April 17, 2013
Have you ever felt hysterical in front of a room of teenagers while discussing the symbiotic relationship of the clownfish and the sea anemone?
Back to work. I gave myself a pep talk on the drive that morning. Strange how just a week before, I had made this drive with all of the usual thoughts that accompany my morning rush…would I have time to run by my mailbox to pick up copies before second hour? Had I remembered my lunch? Was Frankie’s favorite sweatshirt clean in case my mother took him to the park?
Today was different. This drive felt foreign to me now. It’s amazing, the tricks your mind can play on you when you are most vulnerable. It was like I was driving to work for the first time. I was nervous, scared…what would my kids say? Had anyone told them? What would I say to them? And these new thoughts, these questions that no one seemed to have the answers to…How was your oxygen saturation at this moment? Were you still running a fever since I left you last night? Had they figured out a way to rotate you that would not potentially kill you? I found myself counting each overpass on my route to school. Nineteen.
Walking through the halls was something of a nightmare. I wanted to be in my room, in hiding. I could tell that people weren’t sure what to say to me…and I didn’t blame them. After all, I didn’t even know what to say to myself. I could barely stand to be conscious because of all of the thoughts that were entering my realm at that time. My laptop bag had been partially unzipped. It fell open halfway to my classroom in the middle of the hallway, papers spilling everywhere. I didn’t lose it then.
My first class went okay. We were prepping for the EOC. This would happen to you a week before my kids took their most significant assessment of the year. It all seemed so irrelevant now. I heard someone ask how my brother was doing mid-lecture. “He’s okay,” I lied. I found myself staring at the doorway. I could see you walking through over a year ago, carrying the Teddy Grahams I had forgotten to grab that morning for our activity about natural selection. I recalled my students’ reactions after you had left. They said you looked just like me. They could tell you were my brother before I told them. I thought of that day…the text I sent you in thanks. Would you remember that? Would you wake up? Would you be able to make those awful jokes with me again? I wished I could travel back to that moment…follow you out the door and hug you. I would forget whatever important function I had after work. I would stop by Taco Bell and we would watch cheesy movies together. I thought of all the times you had been just a few blocks away, perfectly healthy.

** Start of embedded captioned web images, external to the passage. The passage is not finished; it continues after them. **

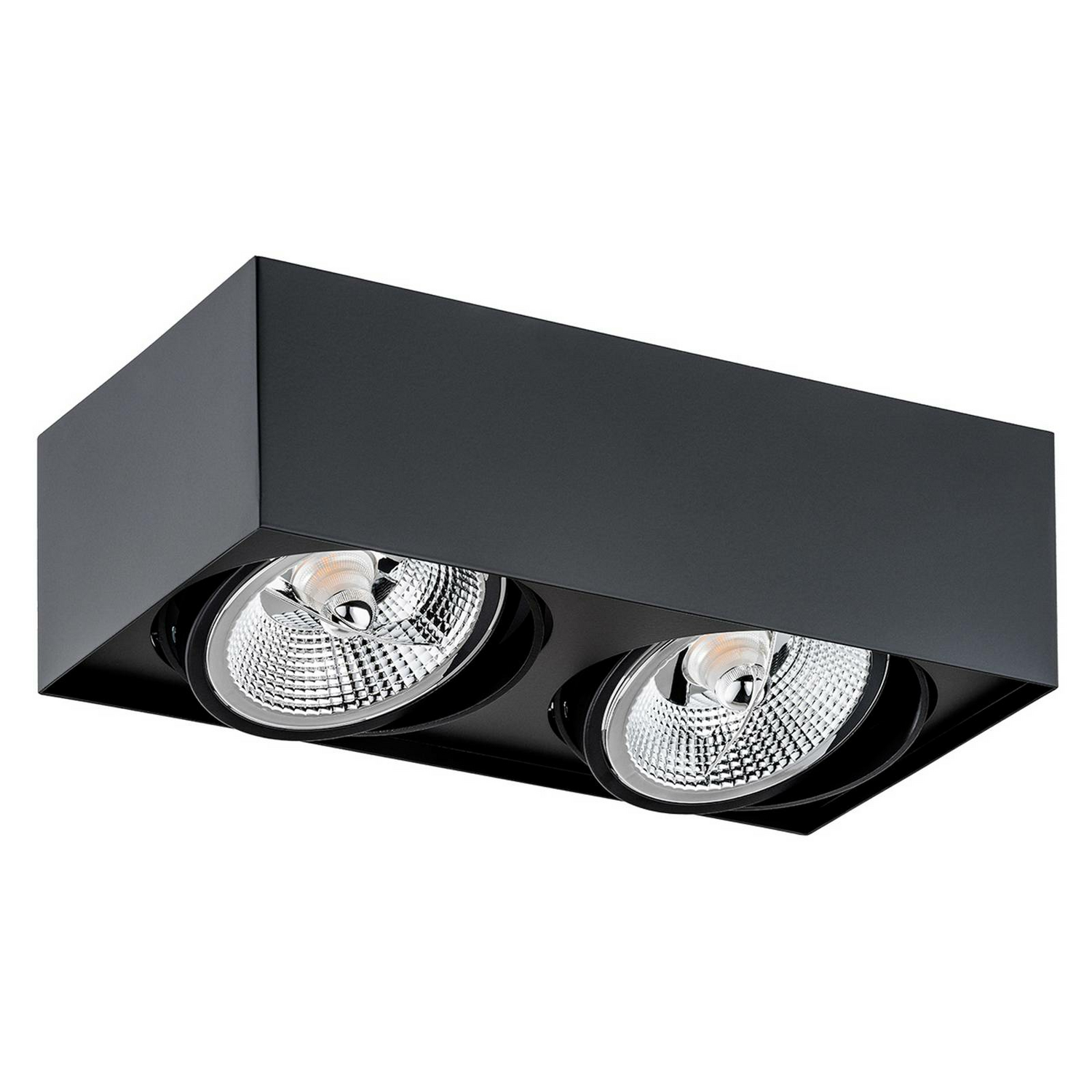 B-Ware Euluna Deckenstrahler Ronda Deckenlampe Lampe Leuchte Zweiflammig Gu10 Schwarz - 5902553225082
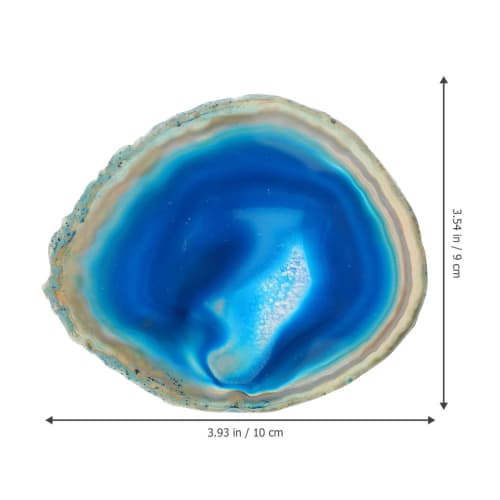 Cabilock Natural Agate Coasters, Creative Design, Round Coasters, Highly Absorbent, Stylish Cup Mats for Offices, Homes, and Bars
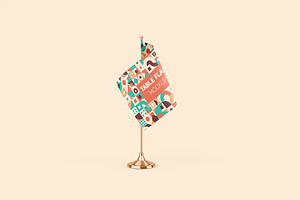 Table Flag Mockup, an Advertising Mockup by Qaleb Studio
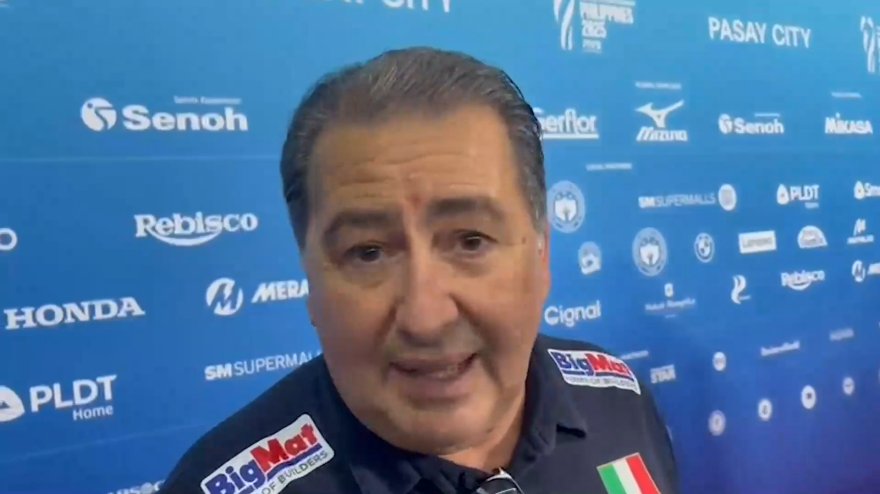 Volley, De Giorgi: "Il 3 0 non racconta la partita. E con Mendez..."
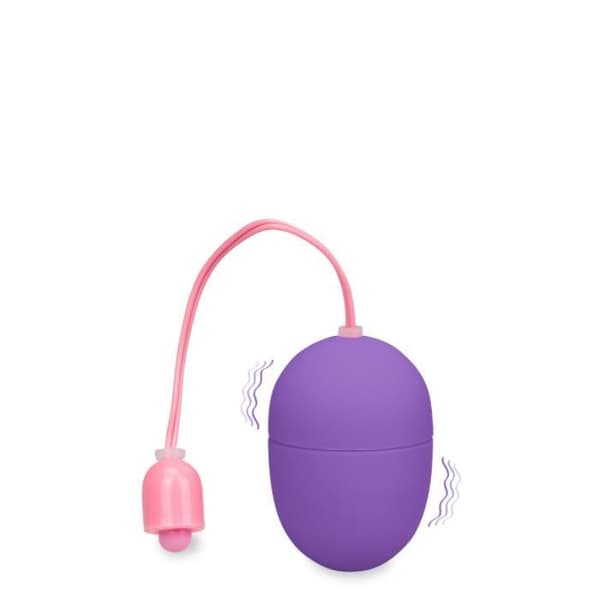 Silikon vibrerande ägg - Wiggle - S Lila - 10 vibrationslägen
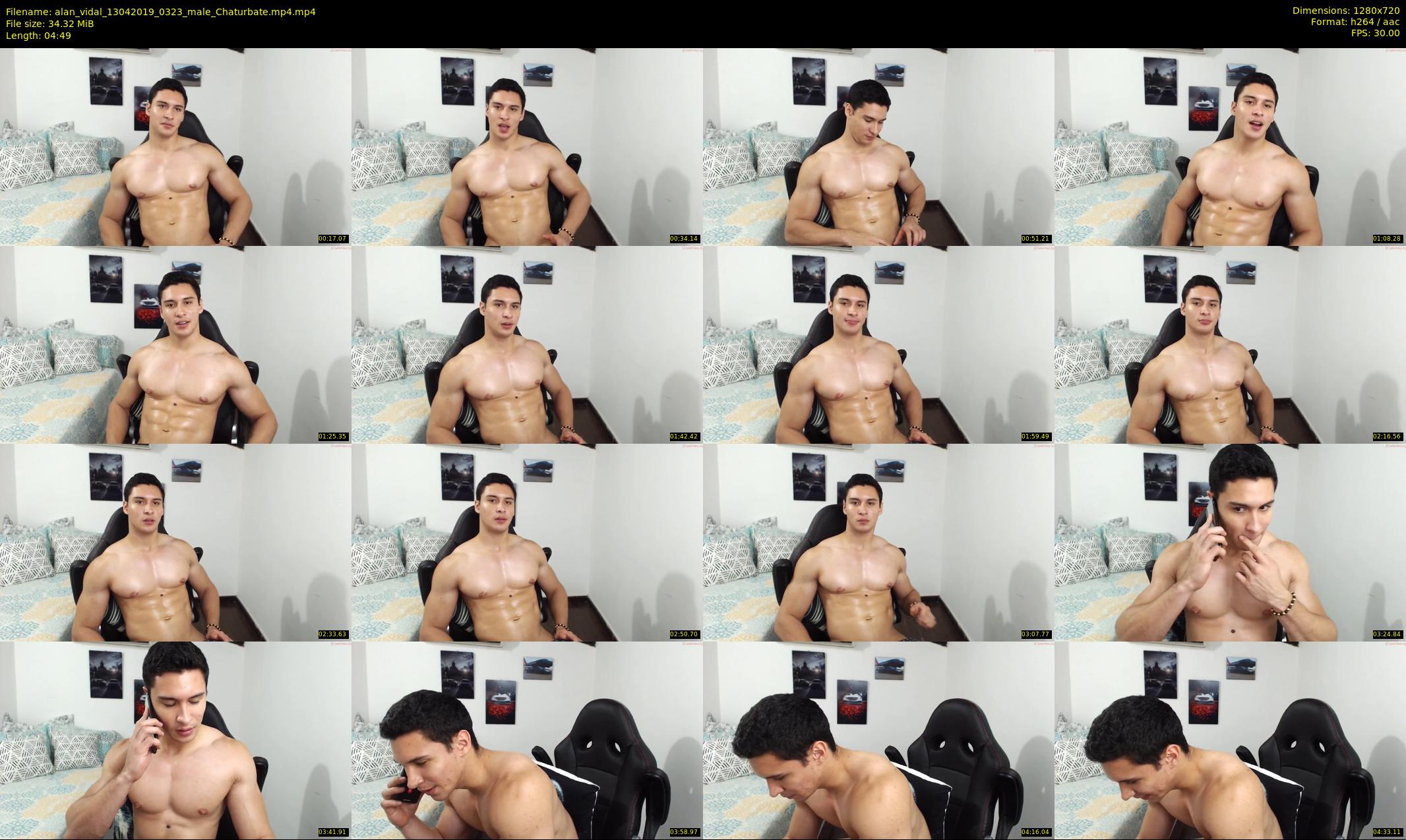 alan_vidal — 5 minute Chaturbate male cam show recording, 720p, Apr 13, 2019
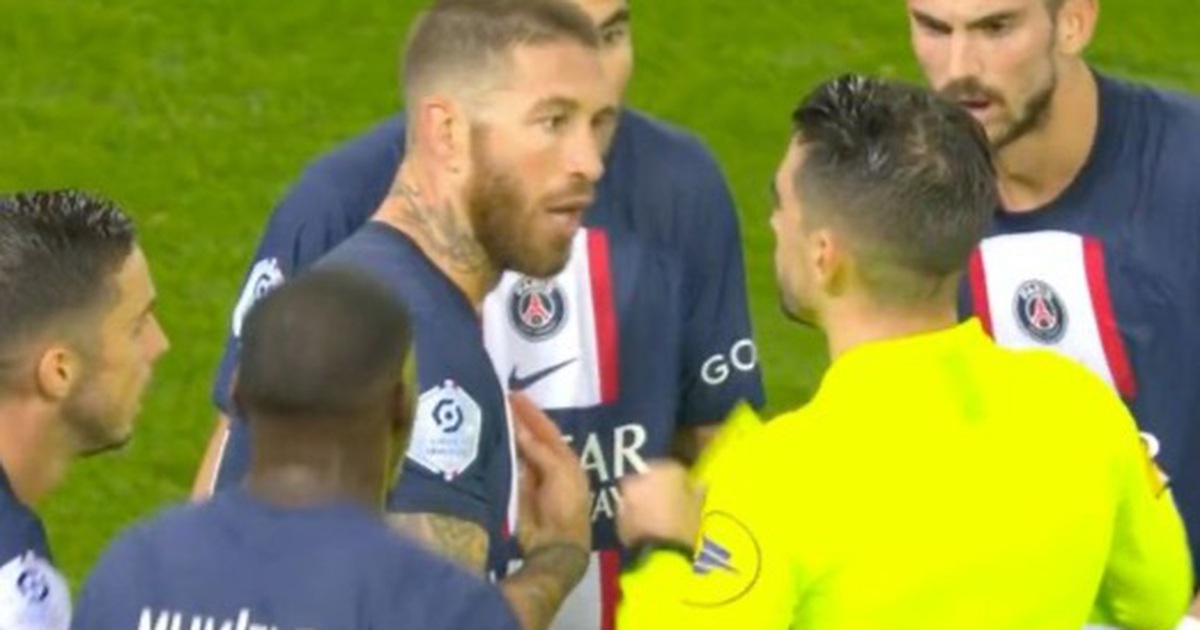 PSG gây thất vọng khi Ramos lãnh 2 thẻ vàng trong 30 giây, Messi vắng mặt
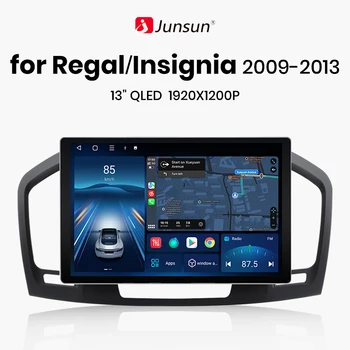 Junsun X7 MAX 13,1 “2K Беспроводной CarPlay Android Auto Автомагнитола для Buick Regal Opel Insignia 2009 - 2013 Мультимедийное авторадио 17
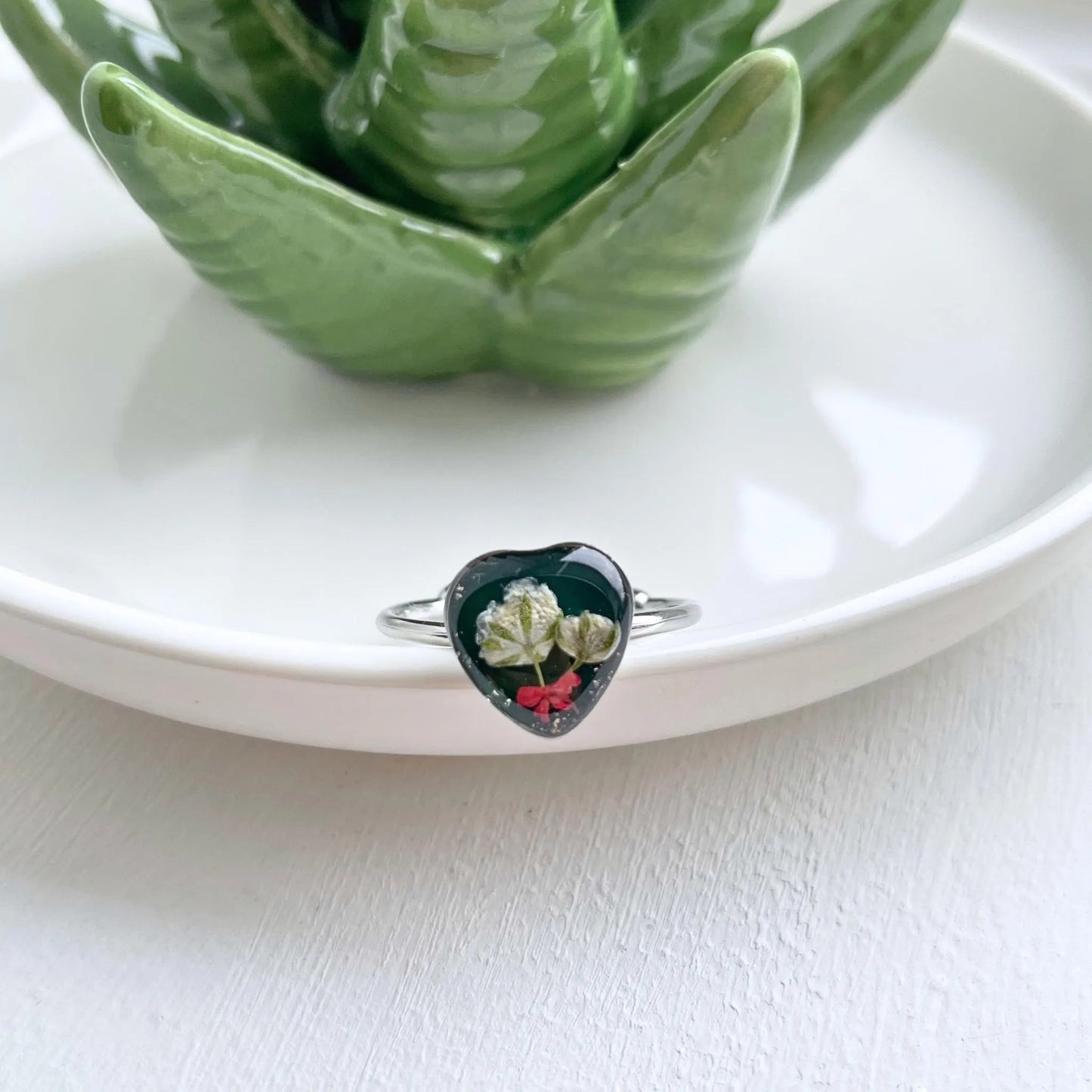 Baby's Breath Flower Ring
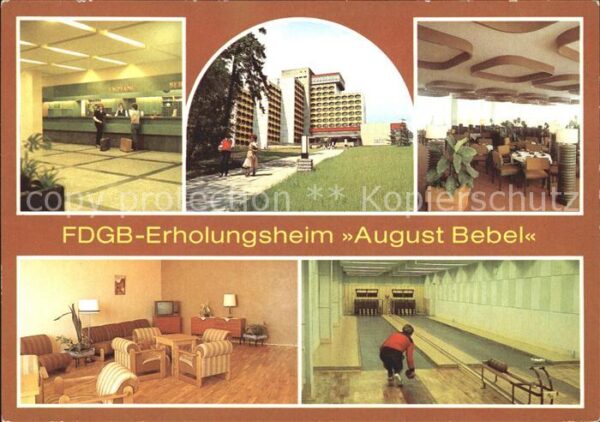 Friedrichroda Erholungsheim August Bebel Fernsehraum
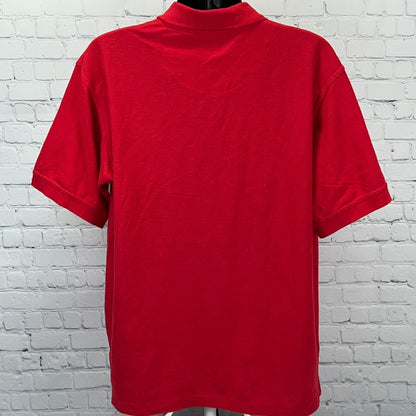 Silverton Casino Lodge Las Vegas Polo Shirt L Large Red NWT Embroidered Resort - Neon Vintage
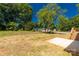 Expansive backyard featuring a small patio, ready for landscaping to make it your own at 506 Locust St, Rock Hill, SC 29730
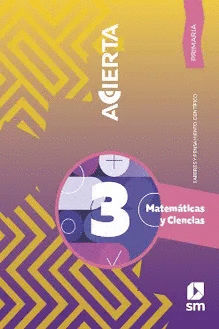 MATEMATICAS Y CIENCIAS SABERES 3 ACIERTA PRIMARIA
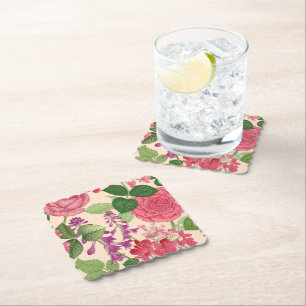 spring paper coaster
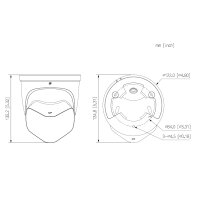 Dahua - IPC-PDW3859-A180-E2-AS-PV-0280B - IP - Eyeball - Pano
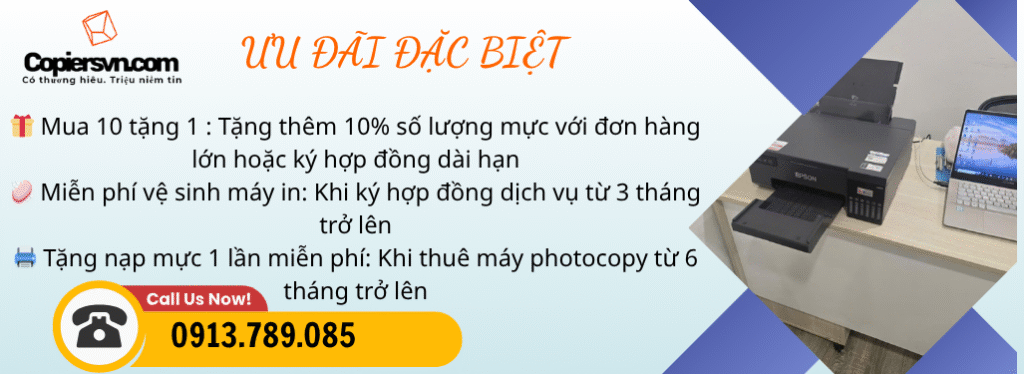 Dịch vụ nạp mực, sửa chữa máy in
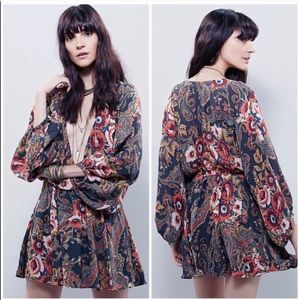 Free People High Plains Mini Dress
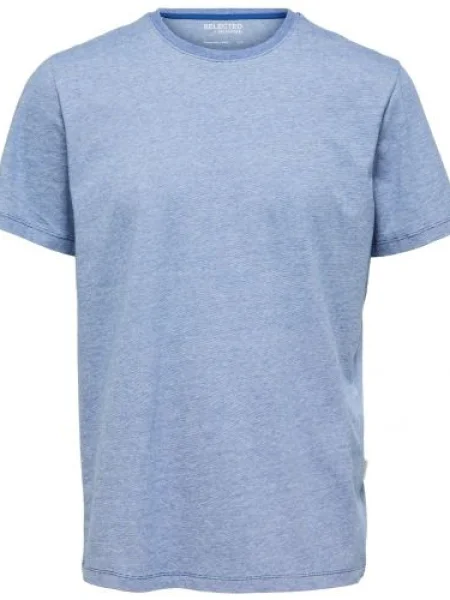 SELECTED HOMME Tricou Aspen albastru amestec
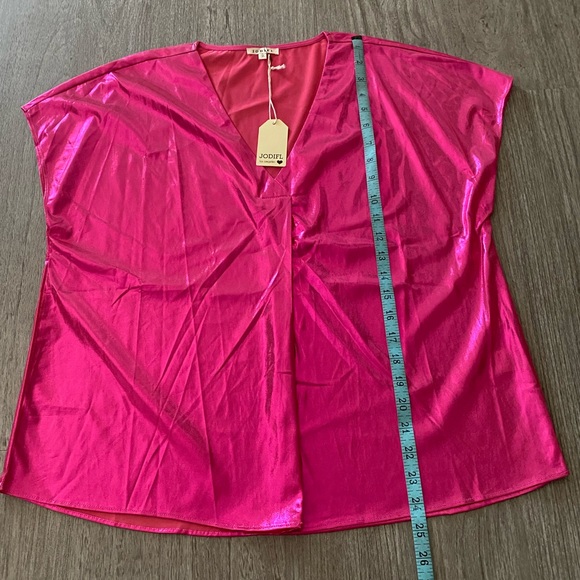 Jodifl Hot Pink Metallic Top NWT - Picture 5 of 7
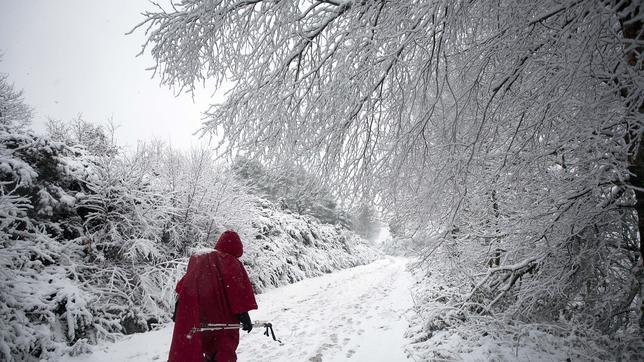 Alerta amarilla en la montaña de Lugo y Orense por acumulación de nieve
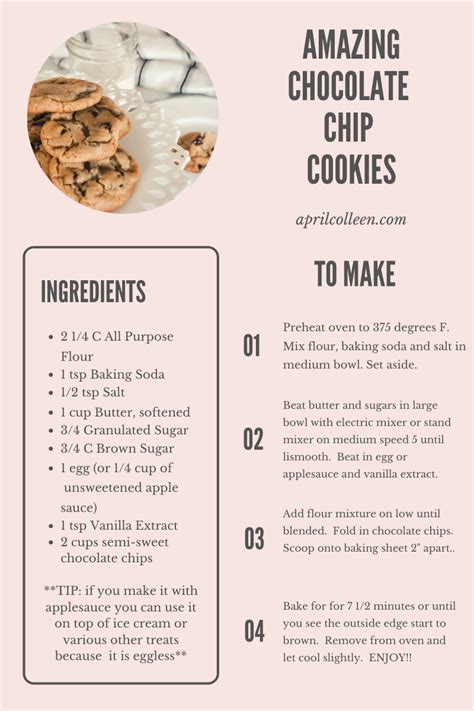 Printable Easy Cookie Recipes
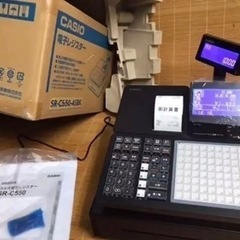 CASIO 　 レジスター　SR-C550美品　4の画像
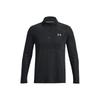 Solid Color Stand Collar Pullover Long Sleeve T-Shirt Men Tops Black 1378168-001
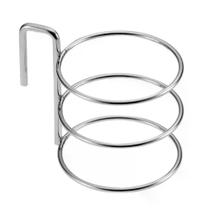 Porta Secador Cromado 3 Argolas Dompel Ref 290-Ps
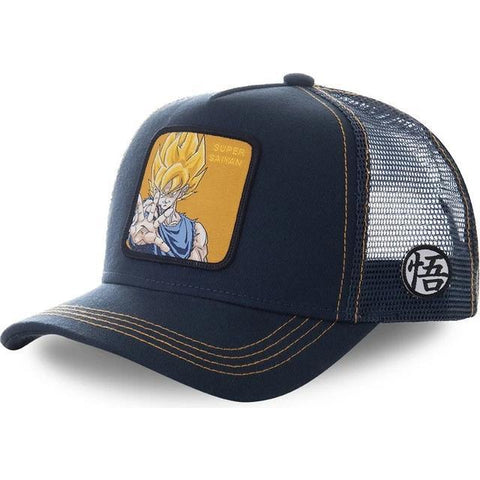 Snapback Cap - Dragon Ball - Goku Super Saiyan Smiling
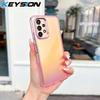 KEYSION Fashion Laser Gradient Colorful Phone Case for Samsung A53 5G A52S 5G TPU+PC Shockproof Back Cover for Galaxy A13 4G 5G
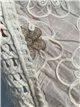 Chaqueta de crochet bordada con flores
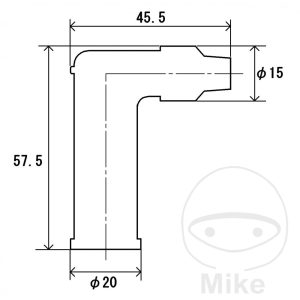 SPARK PLUG CAP NGK L05EA SW NextPart.dk Reservedele Motorcykler touring Sport Racing Atv Oliefilter Luftfilter Bremseklodser Bremseskive Tændrør Kædekit Dæk SPARK PLUG CAP NGK L05EA SW
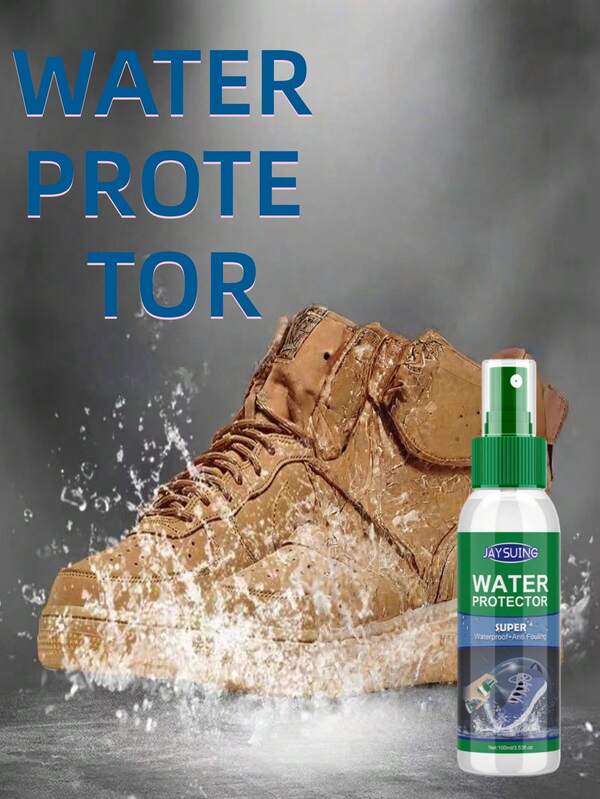 2026 Convenient Waterproof Shoe & Boot Leather Cleaner Spray, Sneaker Waterproof, Stain Resistant, Odorless Spray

The bell rings and a new class enters. Different questions now. Some of the students are more tactful than others. “Is your brother the one that jumped off that bridge?” Like a dagger. Is that what people think about you? I didn’t lose it then.
My sixth hour. My rambunctious, inquisitive, blood pressure- elevating sixth hour. I had been dreading them all day. As they pass me in the hall to enter class, I feel a sudden urge to run far away. They could find a sub, right? I can’t bear to answer any more questions about you.
I walk in and they are all seated. Mentally I congratulate myself as this has never happened before. Their eyes follow me as I take attendance, collect the homework. I’m at the projector now, going over symbiosis. A hand is raised. “Mrs. LaFata, are you okay?” I can feel it in my throat. I fight it again…for the millionth time today. “Yes, thank you. So the clownfish…you guys have seen Nemo, right?” Their gazes are unaltered. Their focus heightened. Another question. “Mrs. LaFata, can I give you a hug?”
I stop. Everything stops for a moment. Here he comes. Last week he blamed me for being grounded, and now he is hugging me in front of the entire class.
And they all follow. Single file. One by one, until I am surrounded by a herd of them. Thirteen juniors who have shared their struggles with me for two semesters. Thirteen adolescents with their own problems, their own apprehensions. In that moment I am no longer separate from them. We are fourteen human beings, frightened of all things beyond our control.
I lose it then. And I will always love them for it.